Everything's just amazing, right,
and better and just awesome?
-We basically believe that we're, like,
the parents to, like, the newest X-Men.
[ Laughter ]
Like, everything she does is like,
"I don't think other babies do this."
[ Laughter ] -Yeah. She's a genius.
-She's a genius. Well, she's in swim class,
and I posted a couple clips on it of her in swim class,
but, like, now she's holding her breath pretty much --
She's Aquaman, basically.
[ Laughter ]
-She's Jason Momoa right now. -Yeah.
-Well, I know that she's definitely well read
because I have the picture here, Reading "DaDa" by Jimmy Fallon,
and it's a great book. [ Audience "awws" ]
[ Applause ] Thank you.
-We like to have a little plug before we appear on the show.
"Bring the Jimmy Fallon book!
We're gonna see him next week. Just get it. It's fine."
-Just put it in front of her, yeah.
-Is everyone just buying you books and blankets?
-Books, blanket, inappropriate onesies, which I love.

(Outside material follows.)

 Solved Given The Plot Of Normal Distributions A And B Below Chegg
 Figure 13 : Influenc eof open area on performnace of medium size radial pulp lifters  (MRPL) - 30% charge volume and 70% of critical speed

-Did you get an inappropriate onesie?
[ Laughter ] -Well, I asked for them.
-Oh, okay. I got it. I gotcha.
I never got one of those. Yeah.
-We got you. -Yeah.
How was Mother's Day with the new baby?
-You know what? I was a little nervous --
what "D" would do for my first Mother's Day.
You know, there's a lot on it. -Yeah.
-And I've been waiting. This is like the miracle.
And he was like, "Babe, I think I've got
the most perfect romantic night for you."
So, we kind of did a little bit Saturday --
Saturday night, and he showed up with some Jersey Mike's,
like, an Italian sub.
-You like Jersey Mike's?
-Oh, the Italian sub? Are you kidding me?
Oh, it's amazing. [ Laughter ]
-I love that you love that. -Yeah, and then like
three different pies and, like, a bottle of wine.
I was like, "you're perfect!"
[ Laughter ] "You complete me!"
-Exactly. What did people get you?
Isn't that the greatest thing? How is he doing, by the way?
Is he over his hangover? -Oh. Oh, my gosh.
-Last time he was on the show -- -He was so hungover.
-Dude, he was like --
He was like, "Dude, I don't know if I can make it out there."
-Yeah. [ Laughter ]
He woke up and he's like, "I think I got the flu."
And I'm like, "Ha, no. You don't have the flu."
[ Laughter ]
I don't know how you made it to 37 and never been hungover.
-Yeah, he's never been hungover. It was fantastic.
I was so excited to have him on.
I go, "I can't believe I'm talking to Dwayne Wade."
And just -- first time he's hungover.
-Oh, he just flop sweat. -Oh, he's sweating.
[ Laughter ] -He's like, "Is it hot in here?
What's happening?" I'm like, "Nope.
Baby, it's a hangover." -But he still looked good.
-Oh, he's still cute.
-But he's not the only athletic person in the family.
I will say this. -Oh, geez.
-I found of photo from your eighth-grade yearbook.
"Most athletic." [ Cheers and applause ]
That's you there. How cute.
Are you kidding me? How cute are you.
-Oh, that's, like, with my braces and my haircut
that was inspired by Duran Duran.
-Aha! [ Laughter ]
But, also, I found this photo, as well.
-Oh, yeah.
-Little basketball photo right there. See?
Come on. -We are truly loving basketball.
-How were you at high-school basketball?
-I led the league in technicals.
[ Laughter ]
-Did you really? -No, I really did.
I was like the Draymond Green of my time.
-What?! -You know, like,
the Rasheed Wallace of my day.
-You were? -I talked cash-ish.
-Wow! Really?
-I once got a technical
for talking trash to a player's mother.
-[ Gasps ] Gabrielle Union!
-"Are you proud of yourself?! You raised that!"
[ Laughter ] "You proud of yourself?!
Way to go!" [ Laughter ]
-"You raised that?!" [ Cheers and applause ]
That's a good burn. Yeah.
That's a good one.
Are you gonna be tough on "America's Got Talent"?
-No. No, I've become a softy. -That's the old you.
-Yeah, I mean, like I can't -- like my whole career has
just been one big long "no," and, you know, it's depressing.
So, I want to be a part of telling people "yes"
and making dreams come true.
-Yeah, but you also got to give a couple zingers in there.
-You have to be really bad,
like there was a poor girl and -- Spoiler alert --
Who believed, truly, in her heart
that she had trained a chicken.
"Ma'am, you know what's not trained? That chicken."
[ Laughter ]
-"You raised that! You raised that chicken!"
[ Laughter ] -But I just -- I couldn't.
-No, of course not. -She was so sweet, and I just --
I was like, "So, next time" --
Like, how do you give constructive criticism
for chicken -- -What did the chicken do?
-Nothing that it was suppose to do.
[ Laughter ] -Like It Was --
-See? 'Cause now I kind of want to see this now.
I'm rooting for the chicken, man.
That would be fantastic. [ Laughter ]
-It don't make it. -Okay, it doesn't make it.